Sábado 31 de mayo de 1980



Antes de pronunciar el discurso el Papa comentó:

«Como veo que no llevamos retraso, puedo deciros una cosa: cuando he entrado aquí, la primera impresión ha sido positiva, y me he dicho a mí mismo: se presentan bien. La segunda no ha sido impresión, sino asociación de ideas: ¿Cuándo he visto a las religiosas reunidas como hoy? Fue en Kinshasa, cuando se reunieron las religiosas en el Carmelo, y al empezar a hablar cayó una lluvia torrencial. Y he pensado: a lo mejor las religiosas de hoy cambian de método y consiguen que no llueva; tenemos hoy algunos programas pastorales, y para éstos sería más adecuado tener buen tiempo y sol, o al menos sin lluvia. Estas son mis primeras impresiones, y me parecía que podía compartirlas con vosotras. Este es mi primer pensamiento y, si el tiempo lo permite, a lo mejor hay algo más al final.

Queridas hermanas: En mis viajes apostólicos experimento un gozo profundo y siempre nuevo al encontrarme con las religiosas, cuya existencia consagrada por los tres votos evangélicos, pertenece indisolublemente a la santidad de la Iglesia.

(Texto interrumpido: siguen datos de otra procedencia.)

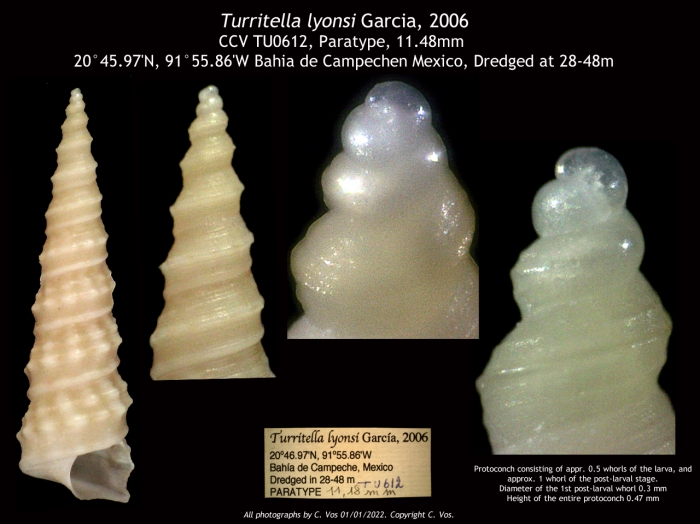 Turritella lyonsi E. F. Garcia, 2006 Paratype Turritella lyonsi E. F. Garcia, 2006 Paratype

Juntos demos gracias al Señor que nos ha concedido este encuentro, bendigámosle por los frutos que se seguirán en vuestra vida personal y también en la mía, en vuestra congregación y en el Pueblo de Dios».



Mis queridas hermanas:

1. En mis viajes apostólicos experimento una felicidad muy honda y siempre nueva al reunirme con las religiosas, cuya existencia consagrada por los tres votos evangélicos "pertenece de manera indiscutible a la vida y santidad de la Iglesia" (Lumen gentium LG 44). ¡Bendigamos juntos al Señor que ha permitido este encuentro! ¡Bendigámosle por los frutos que van a brotar en vuestra vida personal, en vuestras congregaciones, en el Pueblo de Dios! ¡Gracias por haber venido en tan gran número de todos los barrios de París y de la región parisiense, e incluso de provincias! Me complazco en expresaros, a las que estáis presentes y a todas las religiosas de Francia, mi estima, afecto y aliento.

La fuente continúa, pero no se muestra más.